On Tuesday, TV Guide's Fall Preview delivered. Coincidentally, and I can't remember this happening before, Entertainment Weekly's Fall Preview issue arrived the same day. Usually, I'll devour both of those magazines as soon as they come, and even though TV Guide has become possibly one of the worst magazines, even as they keep making "improvements" to it, I still love their thorough coverage of the new and returning shows.
But this year, the damn Fall season is sneaking up on me, and between work and other commitments, I haven't found the time to dedicate myself to the important task of absorbing everything that's about to be thrown at us. As it is, on my DiVo I have recorded the first Father of the Pride, the first Hawaii, and last night's premiere of The Apprentice which I haven't had a chance to watch forcing me to be extra careful when traveling through the blogosphere today since I'm sure there will be plenty of chatter.
I will get through those issues this weekend, but I did take the time to catch the premiere of Joey, and to say I was disappointed would imply that I was expecting something good. However, I never imagined that the people behind this spin-off would so utterly lack any imagination in creating a first episode. What aired tonight was stock sit-com fodder, with embarrassing amounts of laugh-track because 9 out of 10 jokes (which were thrown out in fast and furious fashion) would land with a resounding THUNK!
I'll withhold final judgment on Joey for at least two more episodes. The coming attractions actually looked like a potentially cute and clever show, doing for Joey something not so different from what was done for Frasier when his character left Boston for Seattle. The idea of Joey acting as mentor, especially in dealing with women, for his brainy but slightly uncool 20 year old nephew has potential, but that was barely hinted at tonight. Granted, this was a pilot episode, having to establish the new characters and the environment and how everyone will interact, but maybe they might have made it funny. Drea de Matteo is fine as Joey's sister, but she's also just a stereotype write now, and not a funny one. The normally hysterical Jennifer Coolidge is utterly wasted as Joey's new agent with an absolutely awful scene that simply begged for laughs but didn't deserve any.

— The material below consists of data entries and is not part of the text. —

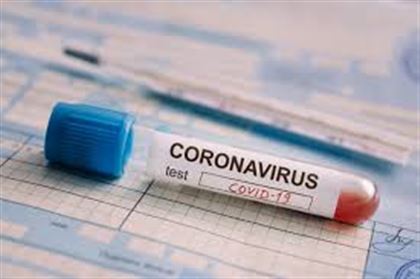 Количество зараженных коронавирусом в Казахстане перевалило за три тысячи человек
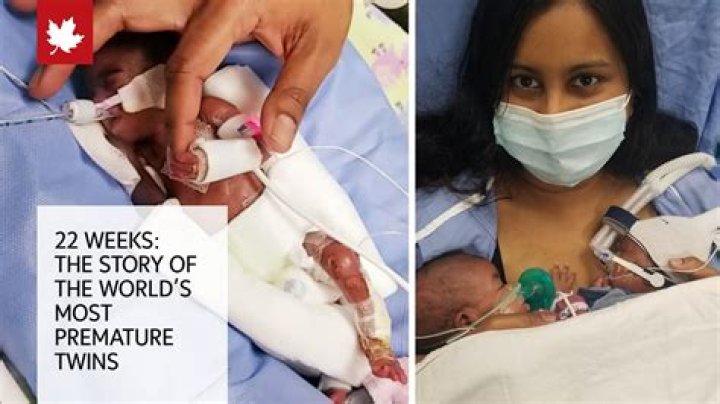 Essential Guide To Understanding Premature Birth Stories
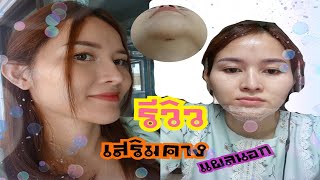 รีวิวเสริมคางแผลนอก ครั้งแรกในชีวิต เล่าจากประสบการณ์จริง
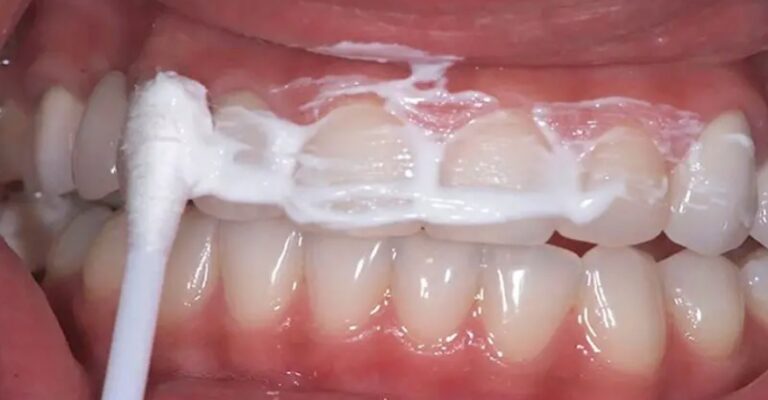 kamień nazębny nowy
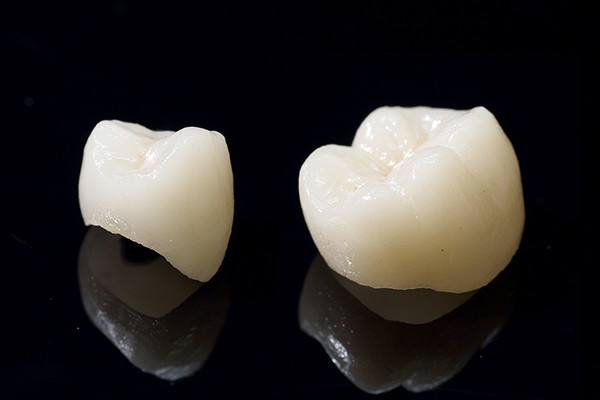 1.自然な歯を作る精密補綴（ほてつ）技術
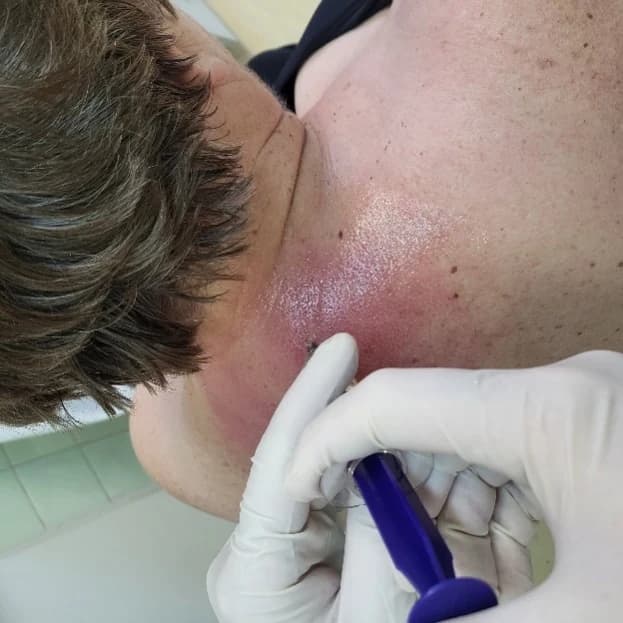 Ruka u jednokratnoj rukavici drži štrcaljku tijekom primjene u područje vratne kralježnice; pacijentica leži s glavom okrenutom od objektiva.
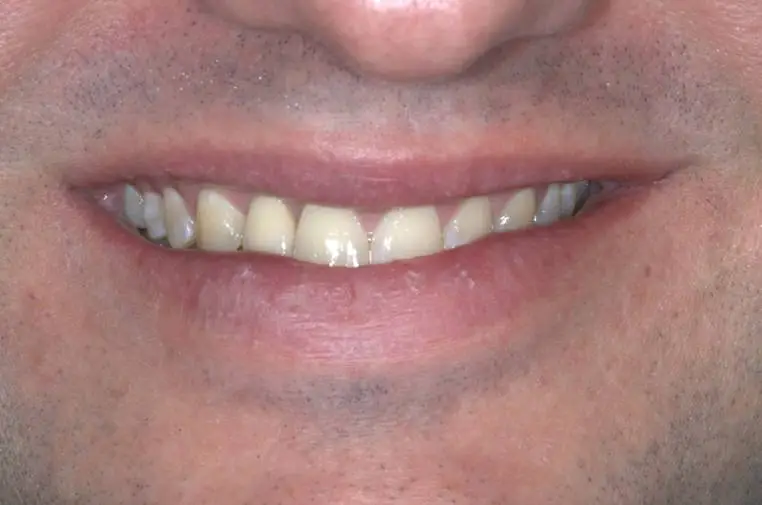 Implant Cases After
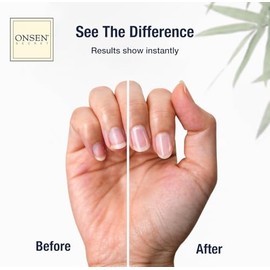 Onsen Nail & Cuticle Cream Treatment w/Japanese Tsubaki, Jojoba & Lavender Oil, Shea Butter – Strengthens Nails, Softens Cuticles - Daily Repair Care (1 Count/30 ml)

There's plenty to criticize about this show, especially it's extremely unrealistic portrayal of the development of a television show. Within the period of a week, Joey somehow gets the lead in a cop show, shoots the pilot, has the show cancelled and discovers the show he passed on just weeks ago has become a big hit. But Joey obviously isn't going for realism; I know that. Still, the degree of absurdity in the basic plot of this first episode contributes to the lack of any comedy in this sit-com.

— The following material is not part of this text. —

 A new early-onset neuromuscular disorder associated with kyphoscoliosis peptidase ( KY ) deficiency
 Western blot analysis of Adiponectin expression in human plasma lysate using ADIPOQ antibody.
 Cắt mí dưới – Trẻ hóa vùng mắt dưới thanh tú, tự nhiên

And just so you know, I'm a fan of Joey Tribiani. I know people are sick of his character, but during the last year or two of Friends when I found myself watching the show more out of habit than anything else, Joey somehow still managed to make me laugh at once an episode. And to be fair, there were at least two specific Joey-moments in this episode that caused at least a chuckle in me. But the rest of it? Zzzzzzzz.
My bad feeling about Joey started not because of the buzz since the up-fronts but due to the crappy marketing campaign. There's a poster for the show on a phone booth near my apartment. The tagline says, "New City, Still Lost." Do you know how many people work in marketing for NBC? Do you have any idea how many phrases they probably ran through before settling on that one? The damn thing doesn't make any sense. Yeah, I understand what they're going for, but it's not funny because it makes no damn sense. You could be the smartest person in the world; you move to a new city, chances are you'll be lost. If Joey wasn't moving anywhere and it said, "Same City, Still Lost," that would make sense. That would be slightly clever. But what's funny about a loveable but dumb guy being lost in a place he doesn't know? Yes, the lost refers to his intelligence not being geographically challenged, but if it doesn't allude to both, then the pun doesn't work.

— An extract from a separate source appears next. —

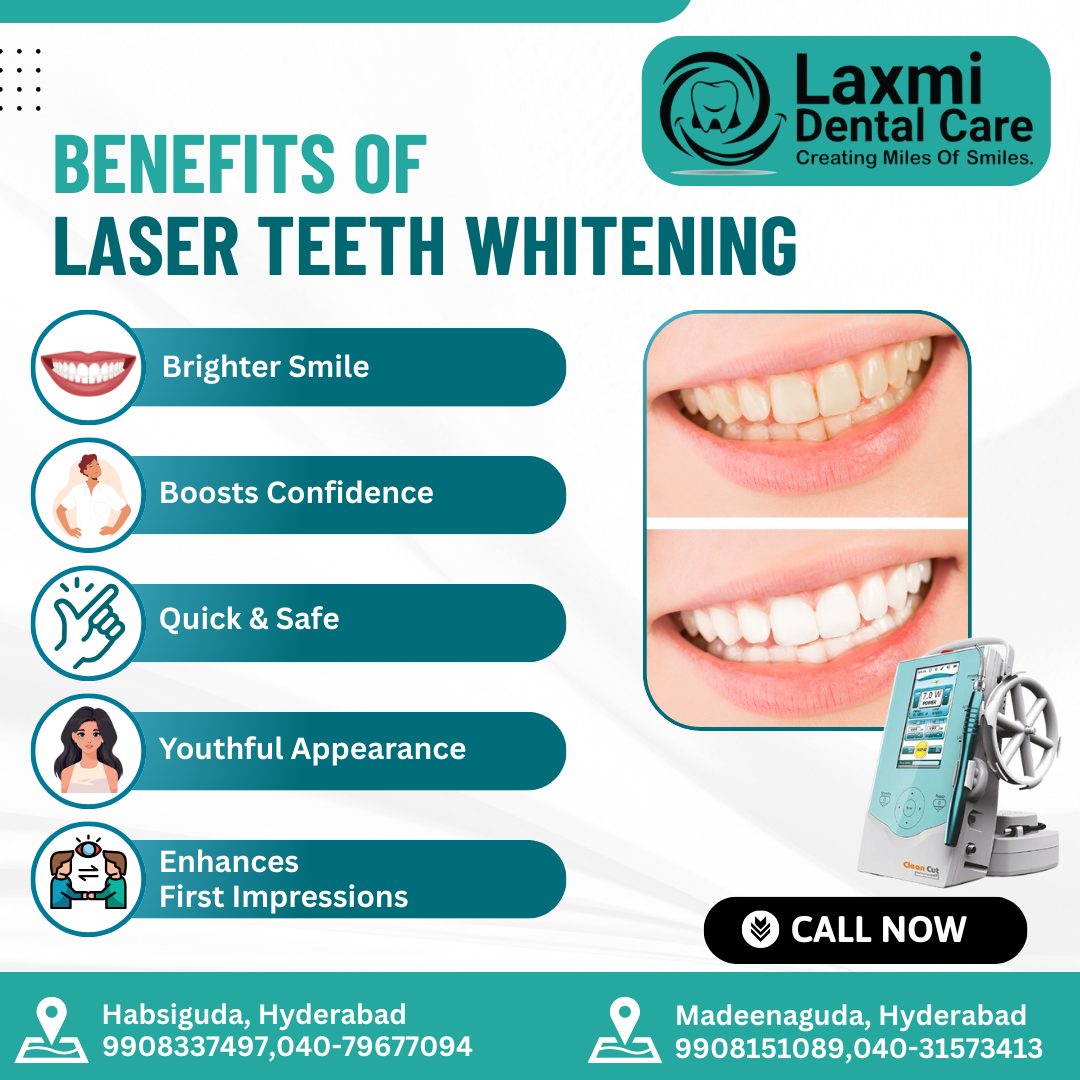 You are currently viewing Teeth whitening in Habsiguda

Well, that's a perfect mini-example of what's wrong with the entire show based on this one episode. A lot of Joey moments, some Joey moments coming from his sister, but very little to balance them so far, and none of it funny.
Maybe the future episodes are dramatically better. NBC certainly must hope so. If Joey stays the same or gets worse while paired with the why-the-hell-is-it-still-popular Will & Grace in the eight o'clock hour, I don't care how popular The Apprentice is, Thursday on NBC definitely will no longer be must-see.